THE PROBLEM: Locate the line that contains "Young curly smart". Retype it and every line after it to the end of the records, exactly, but not the pictures.

*** Opening of DATA EXCERPTS ***

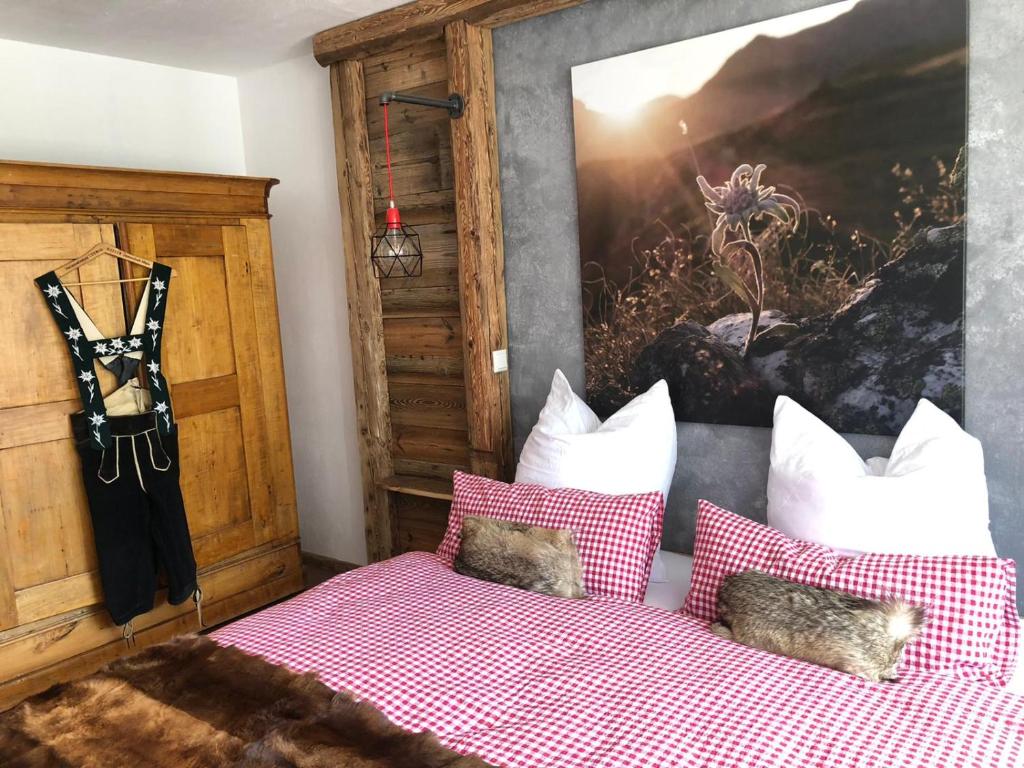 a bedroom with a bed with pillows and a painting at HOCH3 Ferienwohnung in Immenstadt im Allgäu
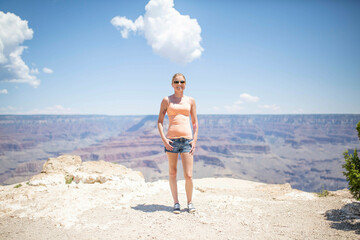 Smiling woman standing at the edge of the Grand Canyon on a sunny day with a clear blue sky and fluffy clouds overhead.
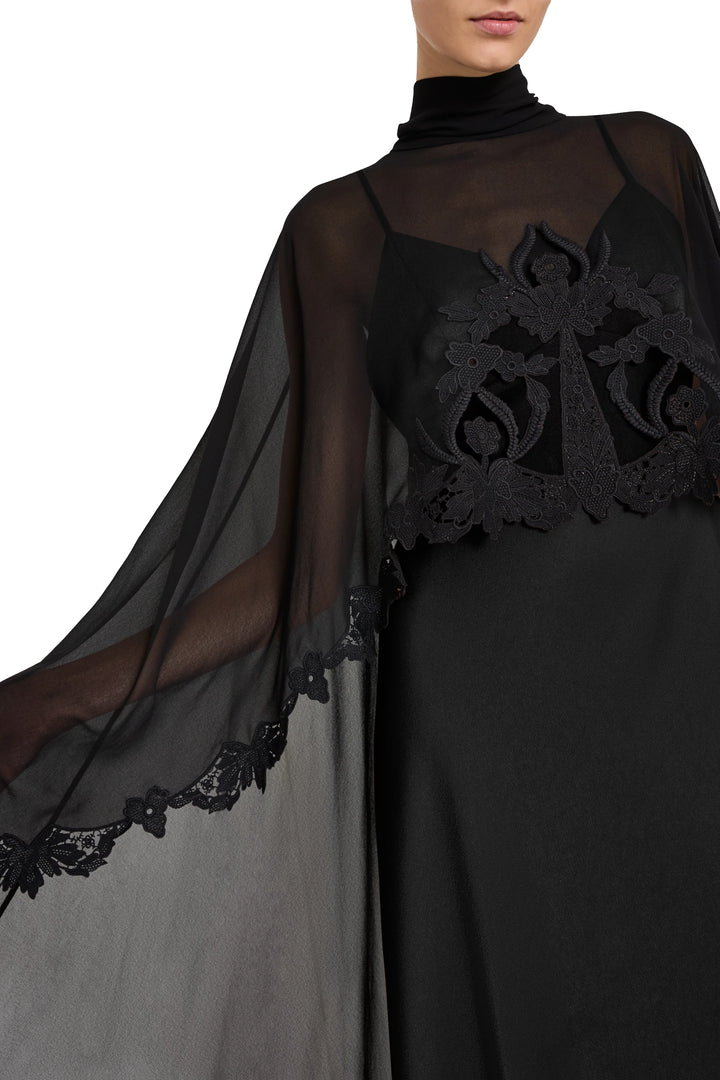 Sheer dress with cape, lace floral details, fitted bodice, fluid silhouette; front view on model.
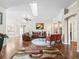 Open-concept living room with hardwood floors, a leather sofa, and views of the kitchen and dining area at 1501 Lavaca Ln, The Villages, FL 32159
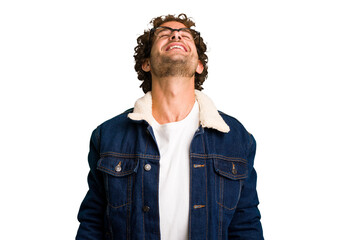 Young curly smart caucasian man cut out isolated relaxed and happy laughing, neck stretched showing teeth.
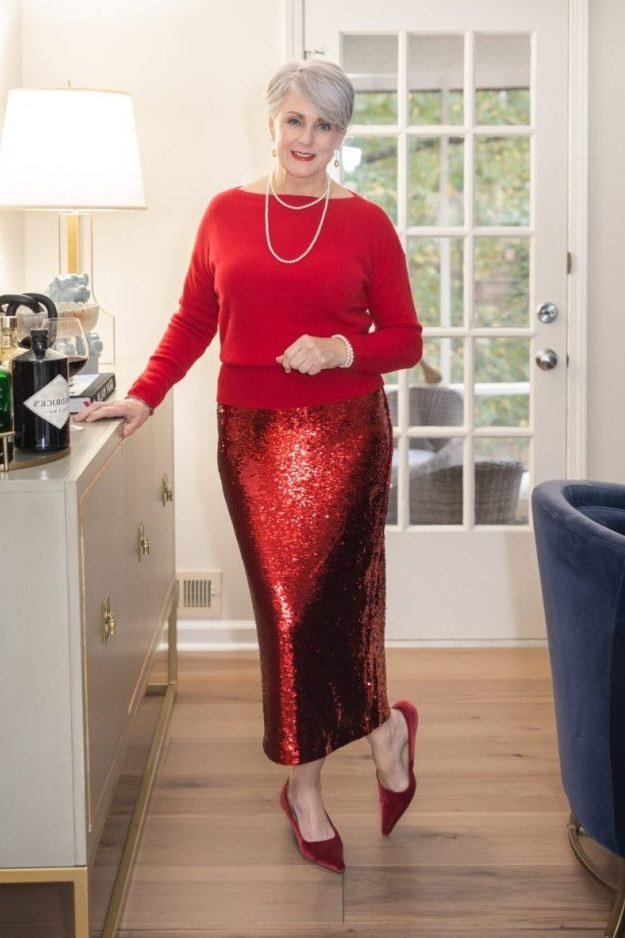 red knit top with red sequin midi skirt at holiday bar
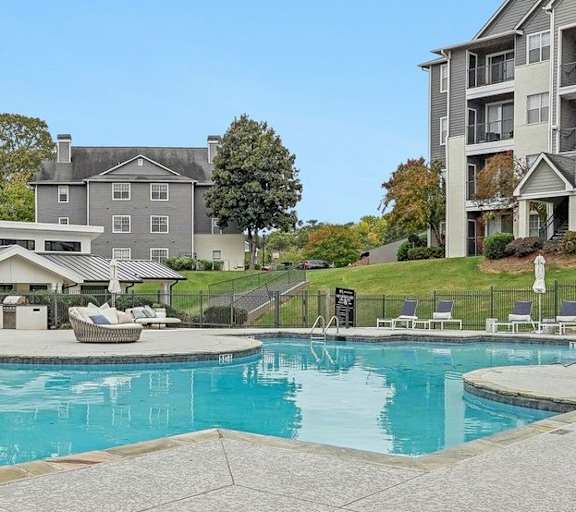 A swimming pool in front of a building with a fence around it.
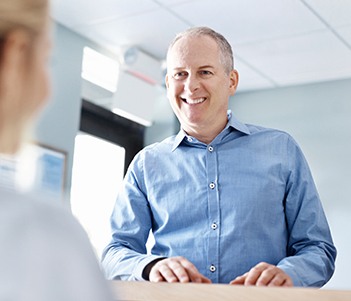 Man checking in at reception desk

*** Close of DATA EXCERPTS ***

RESPONSE AREA:
 Young curly smart caucasian man cut out isolated relaxed and happy laughing, neck stretched showing teeth.
 red knit top with red sequin midi skirt at holiday bar
 A swimming pool in front of a building with a fence around it.
 Man checking in at reception desk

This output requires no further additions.